Un puissant outil industriel

En forte croissance, et malgré deux extensions successives de l’usine, passée à 3 500 m2, la PME se trouve à l’étroit à Frontignan. En 2014, elle lance la construction d’un nouveau site industriel de 6 000 m2 à Béziers, où elle injecte 10 millions d’euros. Outre le désir de renouer avec ses racines, l’implantation s’explique aussi par la proximité de l’autoroute A9, qui réduit les temps de trajet avec Barcelone. L’entreprise y exploite, depuis 2012, une unité dédiée à la transformation de céphalopodes, une troisième famille de produits. Car la décennie 2010 voit l’entreprise se réinventer en Groupe Barba : tandis que son activité de mareyage s’éteint peu à peu, elle enchaîne les créations de marques, depuis la première en 2008 ("La Criée des Saveurs", des steaks en barquettes) jusqu’aux plus récentes "Fish Up", "Myasashi", etc.
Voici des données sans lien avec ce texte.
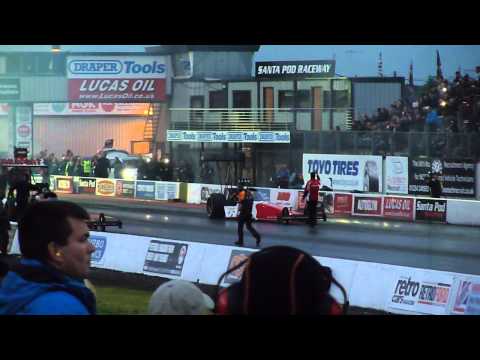 Top Fuel Quali 2 Mikael Kagered vs. Jari Halinen -  FIA & FIM European Finals Santa Pod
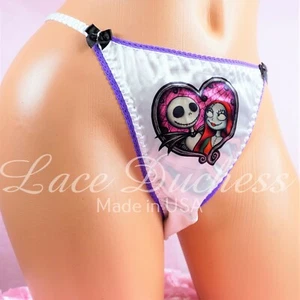 SATIN Sissy Halloween Höschen Jack & Sally Heart Damen/HERREN String Bikini 5-9 - Bild 1 von 4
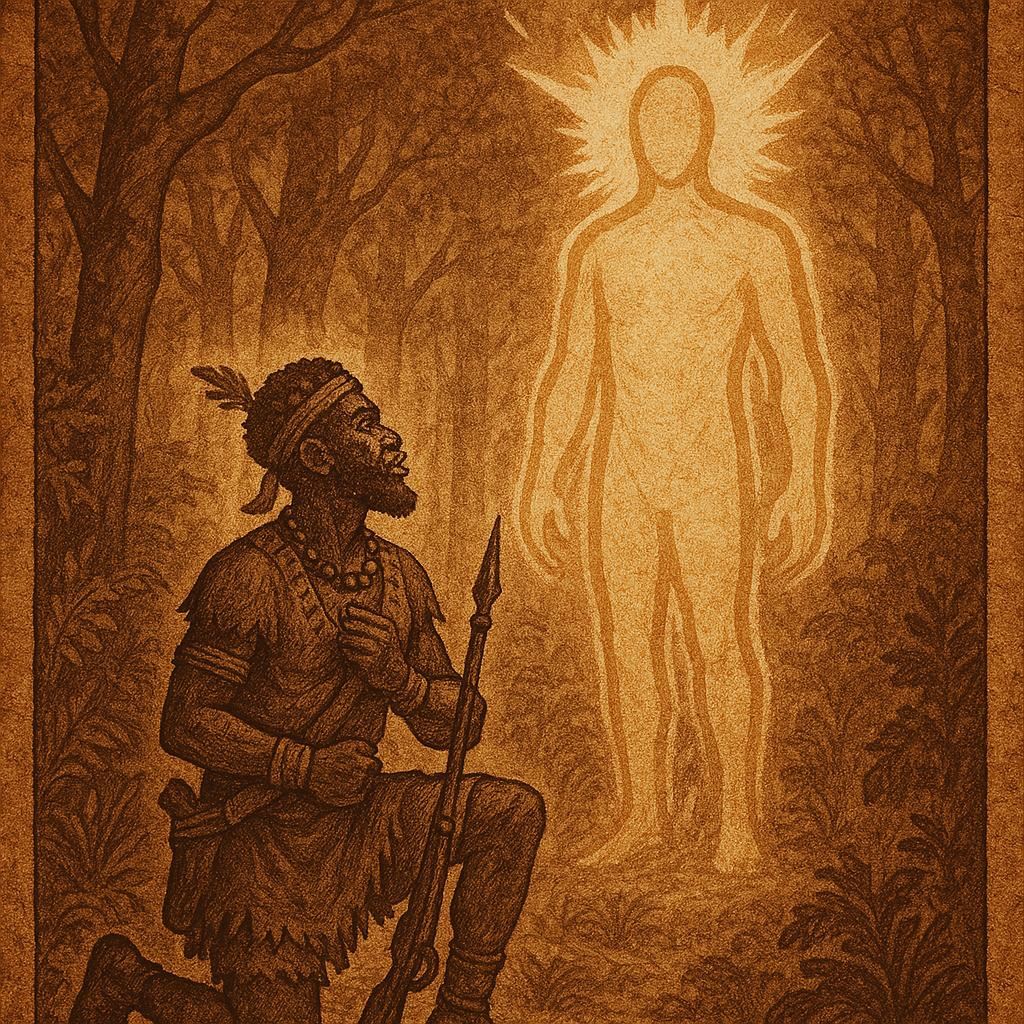 A Guinean hunter kneeling before the Spirit of the Bush in a glowing forest – Guinean folktale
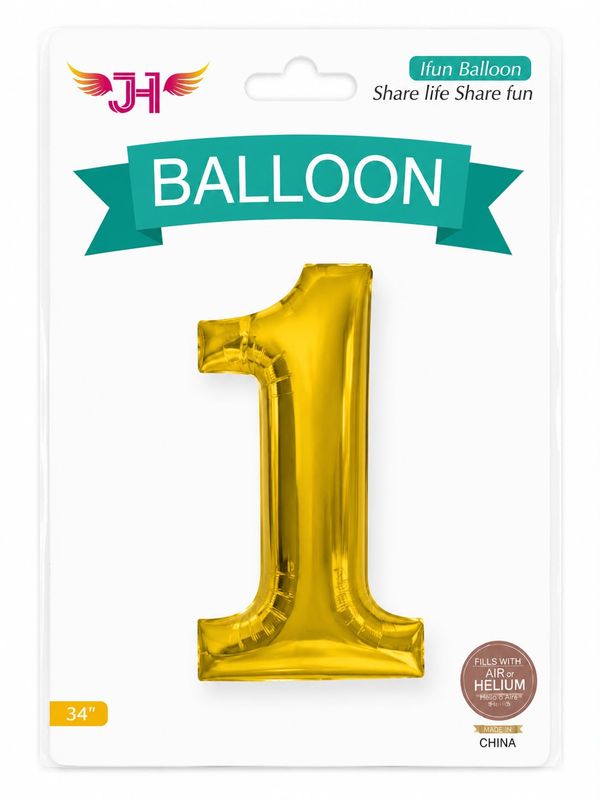 JH Balloon Gold 34 ", # 1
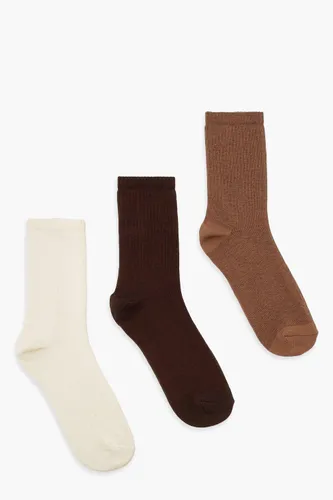 Womens Chocolate Tone Multi 3 Pack Sports Socks - Brown - One Size, Brown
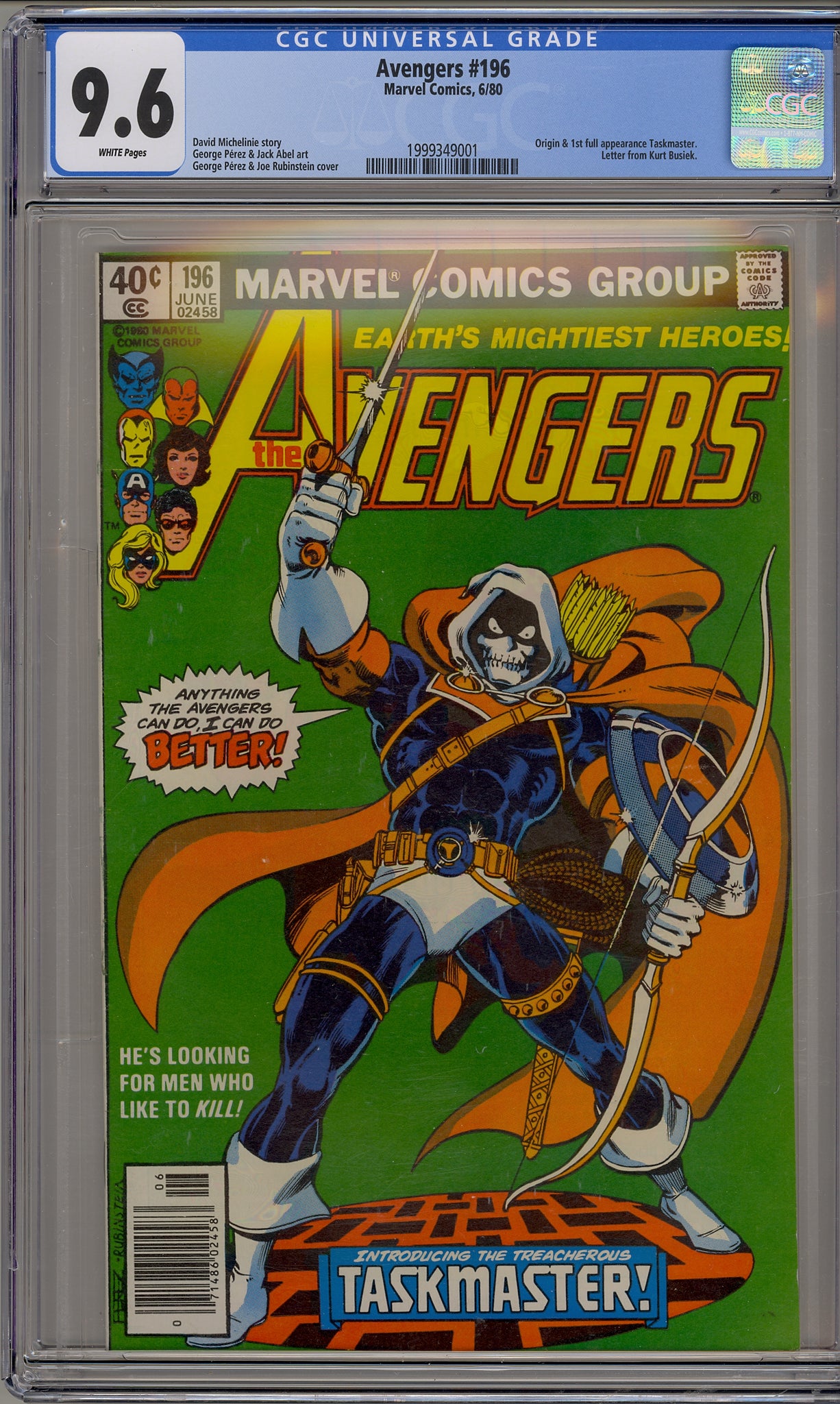 Avengers #196 (1980) newsstand edition - Taskmaster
La RSE, un axe prioritaire

Si Henri Barba reste officiellement PDG, ses fils Hervé et Benoît ont pris les manettes du groupe en 2019. Ils ont fait du siège le vecteur de ses nouvelles ambitions. D’une part sur le plan économique, en préparant une nouvelle stratégie export (15 % du CA à ce jour), vers l’Europe du Nord et de l’Est, sans oublier le Sud avec l’Italie et les marchés Ibériques.. Mais aussi sur le plan de la RSE, devenue centrale aux yeux d’Hervé Barba. "J’ai observé un manque de connaissance des clients et des autres parties prenantes sur notre activité. Pour développer un business durable, transparent, il faut donc leur fournir un service, en leur apportant de l’information en plus du produit", estime-t-il. Ainsi, pour faire passer ses messages, le Groupe Barba ouvre ses portes : l’usine est dotée d’une galerie de visite et d’une cuisine de mise en œuvre où il reçoit des écoles et des clients, avec leurs propres clients, ou leurs commerciaux, et acheteurs….

Dans l’après-Covid, il a aussi créé Maison Pantuna, une marque de baskets fabriqués avec des cuirs italien, français, mais aussi du cuir issu du recyclage de peaux de thon. "Nous avons investi pour montrer que c’était possible. C’est une démarche nécessaire pour faire de la RSE un de nos modes de fonctionnement", conclut Hervé Barba.